### Task description
When you reach the line containing "Wedding leg garter, Wedding", start transcribing exactly and continue through the last line of the data, skipping every picture.

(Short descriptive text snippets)
[Start of section]

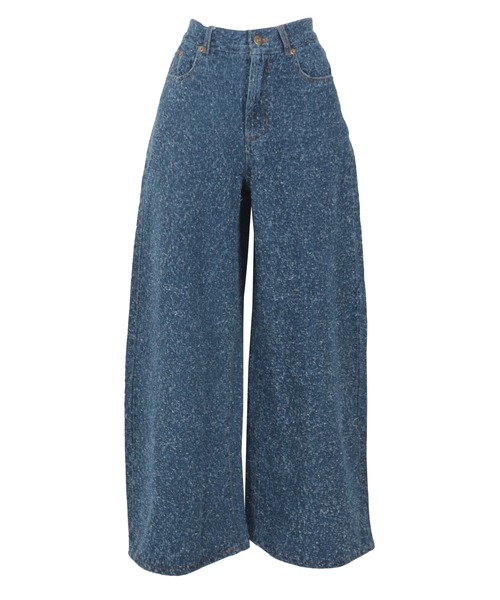 KOBE LETTUCE（コウベレタス）の「ツイードデニムワイドパンツ（デニムパンツ・レディース・ブルー/ライトブルー・PM/M）」の3枚目の写真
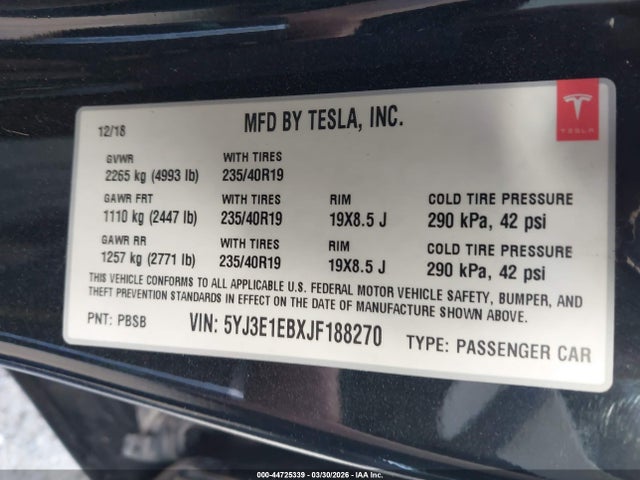 Tesla Model 3 Long Range/performance 2018 5YJ3E1EBXJF188270 Image 9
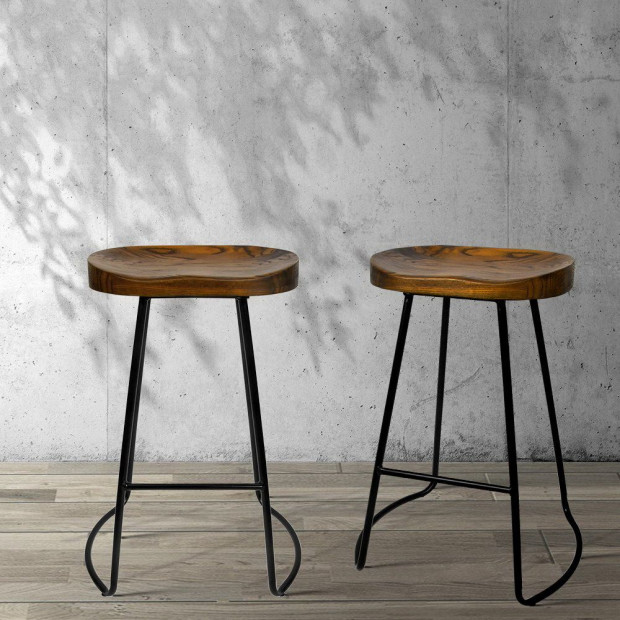 4x Vintage Tractor Bar Stools Retro Industrial Chairs Black 65cm Image 7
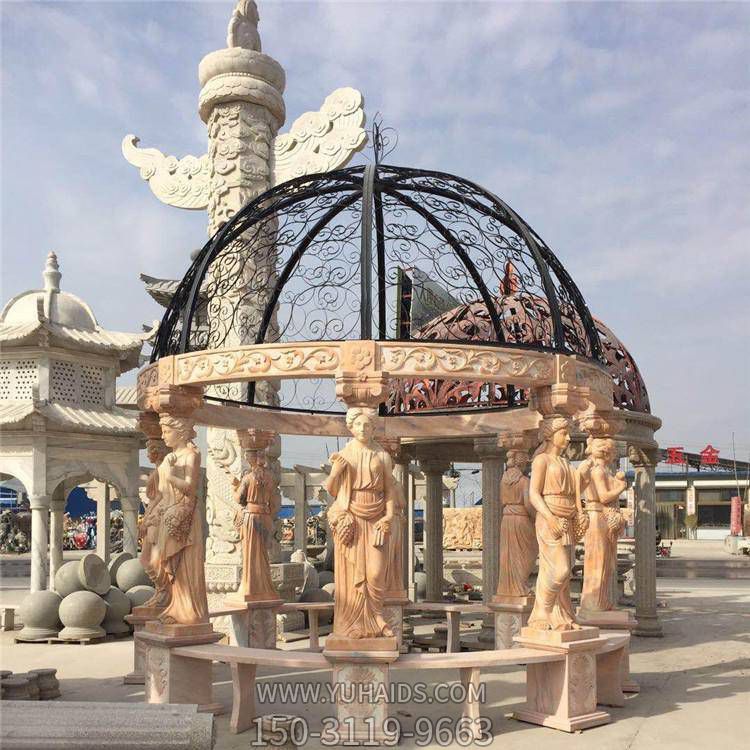 別墅花園裝飾晚霞紅浮雕西方仕女石柱鐵藝鏤空?qǐng)A頂石涼亭雕塑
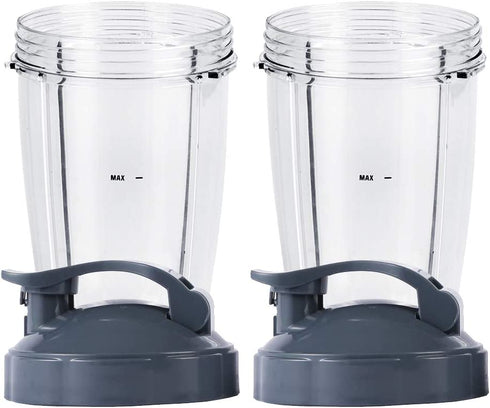 Blender Replacement Parts for Nutribullet Blender, 24OZ Cup with Flip Top To Go Lid Compatible with Nutribullet 600W 900W Blenders (2 Pack)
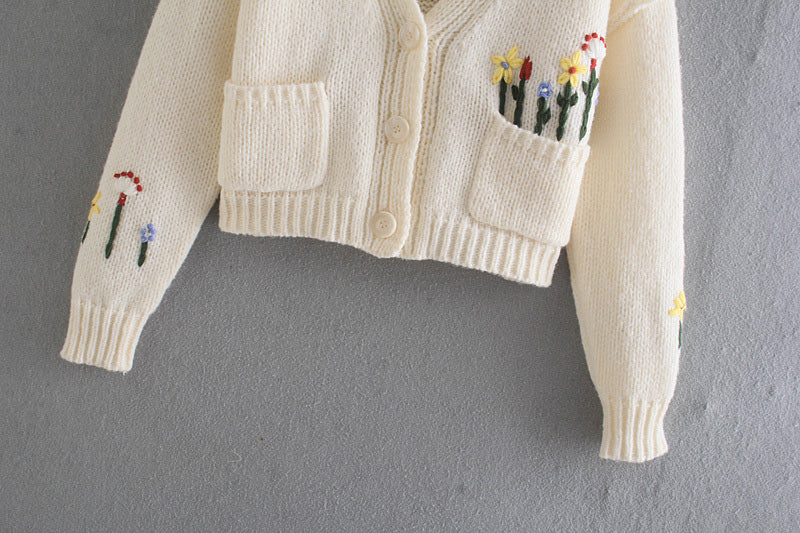 French Sweet V-Neck Langarm Blumen Jacquard Pullover Strickmantel 7355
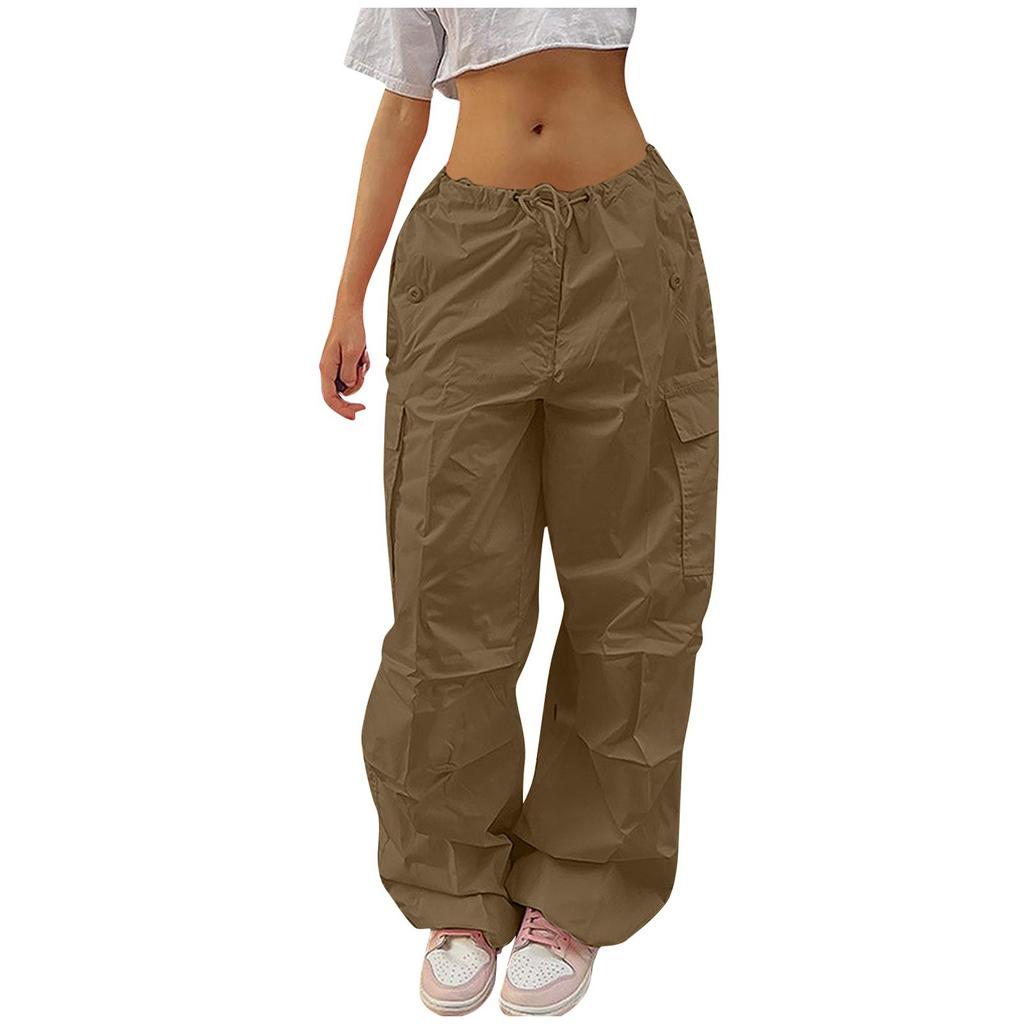 Женские однотонные брюки-карго, уличные спортивные брюки в стиле хип-хоп, повседневные широкие брюки на привязи
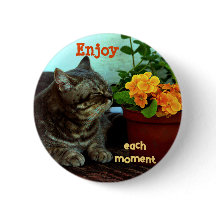 Funny Cat/Enjoy each momen/button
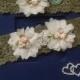 Wedding leg garter, Wedding accessoaries, Bridal accessoary, Oil green wedding garter, Chiffon Flower Rhinestone Lace Garters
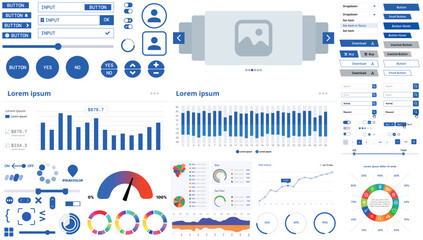 A modern interface kit with buttons, graphs, and elements for creating web applications and dashboards, ideal for business, statistics, and finance.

[End of section]

### Task solution
 Wedding leg garter, Wedding accessoaries, Bridal accessoary, Oil green wedding garter, Chiffon Flower Rhinestone Lace Garters
 A modern interface kit with buttons, graphs, and elements for creating web applications and dashboards, ideal for business, statistics, and finance.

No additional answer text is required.